Portugal soll seine erste KC-390 noch in diesem Jahr erhalten.
Kunden in Europa
Neben den lange bekannten Kunden Portugal (5) und Ungarn (2) konnten so zuletzt auch die Niederlande (5) als Abnehmer an Land gezogen werden. Zudem ist man im Wettbewerb in Österreich um den Ersatz von drei gebrauchten C-130K Hercules im Rennen. Insgesamt laufen derzeit Verkaufskampagnen in acht Ländern, sagte Embraer-Chef Francisco Gomes Neto Ende Mai bei einem Pressebriefing in Alverca. Maschinen für den europäischen Markt werden bei OGMA in Alverca nahe Lissabon auf die Auslieferung vorbereitet. Die erste Lieferung an Portugal ist noch für dieses Jahr vorgesehen, nachdem die derzeit laufende Integration der NATO-Ausrüstung und die anschließend notwendige Zertifizierung durch die nationale Luftfahrtbehörde abgeschlossen sind. Die erste portugiesische Besatzung hat den Qualifikationskurs im November 2021 erfolgreich beendet. Seit April läuft die Ausbildung von sechs Lademeistern, Wartungspersonal und weiteren Piloten bei Embraer in São José dos Campos. Sie sollte bis Ende Mai abgeschlossen sein.

In den USA wird die KC-390 als „Agile Tanker“ angeboten.
Markt-Möglichkeiten
Insgesamt sieht Embraer für die KC-390 einen Markt für etwa 490 Flugzeuge im Wert von über 60 Milliarden Dollar (56,1 Mrd. Euro), auf dem man konkurrieren kann. Dies schließt auch Indien ein. In den USA wiederum hat man seit letzten September eine Partnerschaft mit L3Harris Technologies zur Entwicklung eines "Agile Tanker", den man der US Air Force anbieten will. Um die Anforderungen des Buy American Act zu erfüllen, prüfen die Parteien die Produktion des Agile-Tanker-Programms mit Endmontage in den USA, gefolgt von der Ausrüstung des Flugzeugs mit Missionssystemen im Flugzeugmodifikationszentrum von L3Harris in Waco, Texas.

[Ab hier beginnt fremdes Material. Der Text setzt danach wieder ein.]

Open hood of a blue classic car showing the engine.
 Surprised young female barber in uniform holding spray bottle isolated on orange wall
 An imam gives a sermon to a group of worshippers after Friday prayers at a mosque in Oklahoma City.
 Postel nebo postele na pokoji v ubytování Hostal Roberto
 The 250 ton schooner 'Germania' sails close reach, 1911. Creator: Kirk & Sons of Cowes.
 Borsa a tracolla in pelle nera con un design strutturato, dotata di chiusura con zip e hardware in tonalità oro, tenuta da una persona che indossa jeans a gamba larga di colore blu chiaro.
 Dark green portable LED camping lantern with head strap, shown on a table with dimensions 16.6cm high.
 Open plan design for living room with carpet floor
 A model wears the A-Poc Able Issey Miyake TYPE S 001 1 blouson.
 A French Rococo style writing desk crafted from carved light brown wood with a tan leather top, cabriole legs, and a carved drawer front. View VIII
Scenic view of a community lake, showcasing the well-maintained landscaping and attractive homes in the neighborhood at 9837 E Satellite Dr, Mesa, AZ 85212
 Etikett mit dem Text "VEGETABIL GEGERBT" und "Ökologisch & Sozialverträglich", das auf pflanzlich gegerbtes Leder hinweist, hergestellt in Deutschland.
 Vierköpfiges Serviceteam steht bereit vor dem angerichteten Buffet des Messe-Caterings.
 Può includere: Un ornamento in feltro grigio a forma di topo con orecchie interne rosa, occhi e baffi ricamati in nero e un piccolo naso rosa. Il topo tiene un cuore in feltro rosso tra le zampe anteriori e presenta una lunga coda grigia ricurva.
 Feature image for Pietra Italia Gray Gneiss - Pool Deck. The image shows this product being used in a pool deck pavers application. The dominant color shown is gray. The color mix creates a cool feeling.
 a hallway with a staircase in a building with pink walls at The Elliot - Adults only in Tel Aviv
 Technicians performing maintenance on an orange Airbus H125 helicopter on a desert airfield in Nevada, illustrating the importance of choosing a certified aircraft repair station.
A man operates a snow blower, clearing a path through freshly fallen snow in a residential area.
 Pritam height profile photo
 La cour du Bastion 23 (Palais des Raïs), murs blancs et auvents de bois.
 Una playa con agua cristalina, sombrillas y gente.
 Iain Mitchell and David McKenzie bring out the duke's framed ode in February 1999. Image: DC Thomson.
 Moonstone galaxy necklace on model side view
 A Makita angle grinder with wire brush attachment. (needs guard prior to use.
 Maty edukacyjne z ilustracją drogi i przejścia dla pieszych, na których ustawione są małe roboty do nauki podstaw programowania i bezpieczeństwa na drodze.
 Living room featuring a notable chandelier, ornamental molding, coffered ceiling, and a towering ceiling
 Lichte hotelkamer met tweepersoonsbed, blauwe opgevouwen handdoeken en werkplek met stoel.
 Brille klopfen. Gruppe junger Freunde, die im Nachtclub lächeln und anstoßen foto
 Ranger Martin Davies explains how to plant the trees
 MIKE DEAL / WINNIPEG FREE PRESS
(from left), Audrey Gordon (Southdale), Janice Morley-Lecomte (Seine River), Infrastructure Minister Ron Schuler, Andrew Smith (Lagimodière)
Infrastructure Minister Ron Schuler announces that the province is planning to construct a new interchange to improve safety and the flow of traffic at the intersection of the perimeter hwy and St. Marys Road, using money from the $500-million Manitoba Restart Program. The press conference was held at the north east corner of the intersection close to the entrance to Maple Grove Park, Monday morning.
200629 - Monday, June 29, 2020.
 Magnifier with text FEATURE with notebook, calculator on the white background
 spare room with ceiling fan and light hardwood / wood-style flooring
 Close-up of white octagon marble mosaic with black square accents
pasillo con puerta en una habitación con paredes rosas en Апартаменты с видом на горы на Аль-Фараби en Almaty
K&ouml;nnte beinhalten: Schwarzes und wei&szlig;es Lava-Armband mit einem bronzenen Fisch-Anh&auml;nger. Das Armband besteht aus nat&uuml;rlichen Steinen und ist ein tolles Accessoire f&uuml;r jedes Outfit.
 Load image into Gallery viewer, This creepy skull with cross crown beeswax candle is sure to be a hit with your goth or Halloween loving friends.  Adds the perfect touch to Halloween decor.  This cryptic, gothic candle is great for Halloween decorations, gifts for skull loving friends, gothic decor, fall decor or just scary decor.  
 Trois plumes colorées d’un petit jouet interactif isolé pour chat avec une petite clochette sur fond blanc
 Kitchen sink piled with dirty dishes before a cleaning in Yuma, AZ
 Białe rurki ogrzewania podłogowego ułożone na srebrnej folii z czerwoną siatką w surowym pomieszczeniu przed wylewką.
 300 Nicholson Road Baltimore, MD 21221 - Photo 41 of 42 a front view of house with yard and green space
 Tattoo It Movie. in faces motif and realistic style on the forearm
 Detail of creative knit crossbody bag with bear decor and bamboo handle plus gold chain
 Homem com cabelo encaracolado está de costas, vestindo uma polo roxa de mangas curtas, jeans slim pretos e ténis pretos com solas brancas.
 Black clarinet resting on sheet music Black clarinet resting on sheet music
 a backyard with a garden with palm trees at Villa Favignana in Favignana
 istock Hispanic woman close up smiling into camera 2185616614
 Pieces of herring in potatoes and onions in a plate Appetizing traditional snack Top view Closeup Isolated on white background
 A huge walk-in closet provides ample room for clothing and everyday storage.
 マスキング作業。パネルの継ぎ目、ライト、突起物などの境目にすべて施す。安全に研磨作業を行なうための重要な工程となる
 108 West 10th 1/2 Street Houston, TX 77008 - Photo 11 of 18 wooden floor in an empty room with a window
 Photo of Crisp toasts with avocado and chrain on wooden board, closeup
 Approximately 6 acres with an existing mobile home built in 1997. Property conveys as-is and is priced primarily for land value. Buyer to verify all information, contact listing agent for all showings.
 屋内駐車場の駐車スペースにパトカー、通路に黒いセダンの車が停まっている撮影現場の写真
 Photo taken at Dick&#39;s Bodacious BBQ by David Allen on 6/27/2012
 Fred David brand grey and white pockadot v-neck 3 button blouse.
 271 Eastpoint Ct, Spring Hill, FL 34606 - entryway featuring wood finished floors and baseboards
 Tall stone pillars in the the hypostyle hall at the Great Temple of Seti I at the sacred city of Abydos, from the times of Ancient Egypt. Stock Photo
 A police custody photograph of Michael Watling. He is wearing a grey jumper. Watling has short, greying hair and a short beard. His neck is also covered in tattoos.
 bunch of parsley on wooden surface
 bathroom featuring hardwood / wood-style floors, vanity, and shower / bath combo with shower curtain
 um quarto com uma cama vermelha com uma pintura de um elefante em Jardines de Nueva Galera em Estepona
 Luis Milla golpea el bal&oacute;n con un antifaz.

Embraer arbeitet an einer „NATO-Version“ der A-29 Super Tucano.
NATO-Version A-29N
Unterdessen wurde für den Turboprop-Trainer A-29 Super Tucano die Entwicklung einer NATO-Version (A-29N) gestartet. Dabei geht es vor allem um die Integration angepasster Kommunikationssysteme und Datenlinks. Die A-29N wird dabei als vielseitig verwendbarer Trainer, auch für die Ausbildung von JTACs (Joint Terminal Attack Controller), und als Aufklärer angeboten. Noch in diesem Jahr hofft man auf den ersten Auftrag aus Europa (vielleicht Portugal). Insgesamt sieht Embraer in den nächsten 20 Jahren Absatzmöglichkeiten für bis zu 500 Flugzeuge im Wert von 6,3 Milliarden Dollar (5,9 Mrd. Euro). Schon bisher ist die A-29 mit 260 Bestellungen von 16 Luftstreitkräften recht erfolgreich. 53 500 Flugstunden wurden erflogen.